=== RECORDS PROVIDED ===
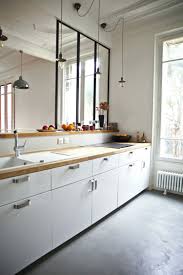 Epingle Sur Interiors Glass Walls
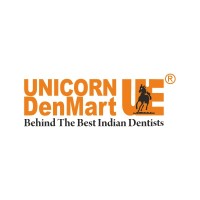 Unicorn Denmart Ltd.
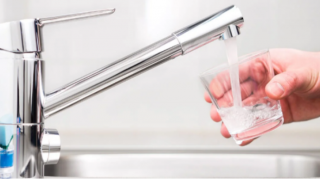 On iki min abonentin suyu kəsiləcək - Saat 21-dən etibarən 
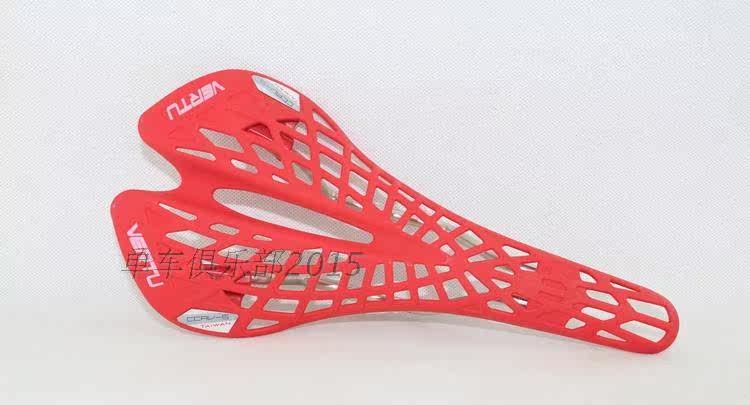 Selle de vélo Mountain Bike - Ref 2351938 Image 13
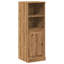 Myrasol Sideboard-24042867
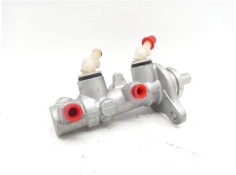 Recambio de bomba freno para kia picanto (sa) 1.1 active referencia OEM IAM 5851007300 680K007 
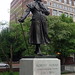 Robert Morris Photo 32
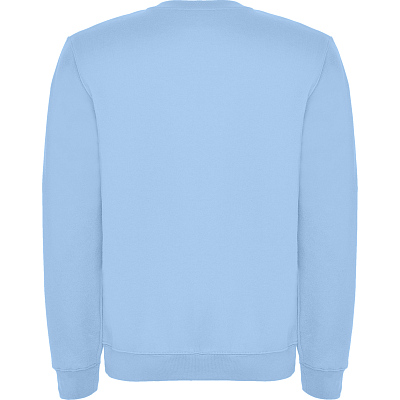 Джемпер детский CLASICA НЕБЕСНО-ГОЛУБОЙ, 11/12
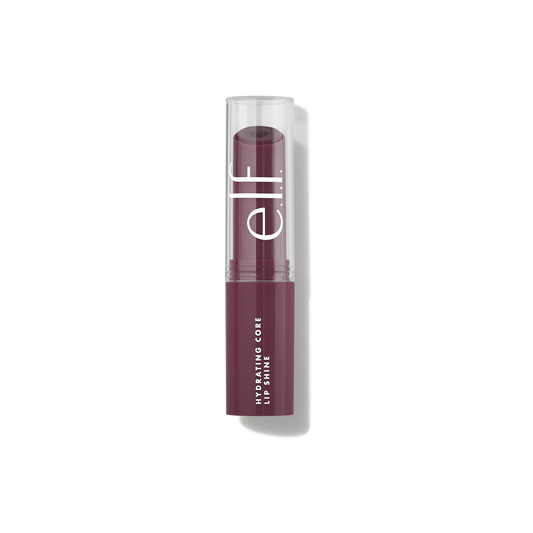 hydrating-core-lip-shine-n0 84560_LPSTK_Closed_R.png
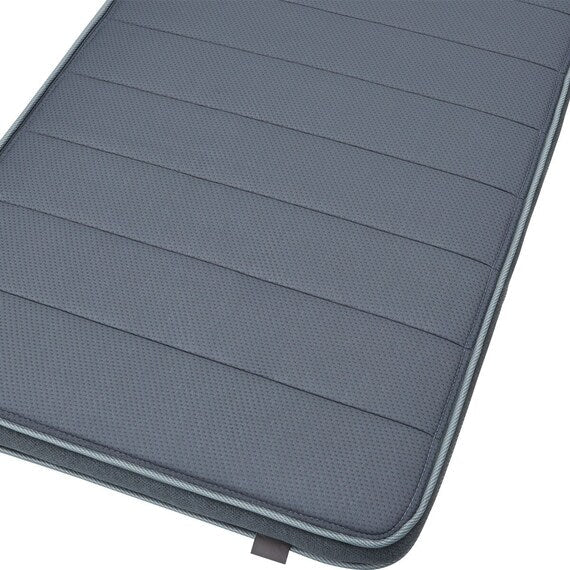 MATTRESS LH2 150X188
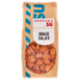 Sù Snack Rice Crackers 450 g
===
BRIEF – Pictures are to be dropped; the lines from the start of the entries above through the line with "Robert Morris Photo 32" are to be given again verbatim.

THE ANSWER –
 Epingle Sur Interiors Glass Walls
 Unicorn Denmart Ltd.
 On iki min abonentin suyu kəsiləcək - Saat 21-dən etibarən 
 Selle de vélo Mountain Bike - Ref 2351938 Image 13
 Myrasol Sideboard-24042867
 Recambio de bomba freno para kia picanto (sa) 1.1 active referencia OEM IAM 5851007300 680K007 
 Robert Morris Photo 32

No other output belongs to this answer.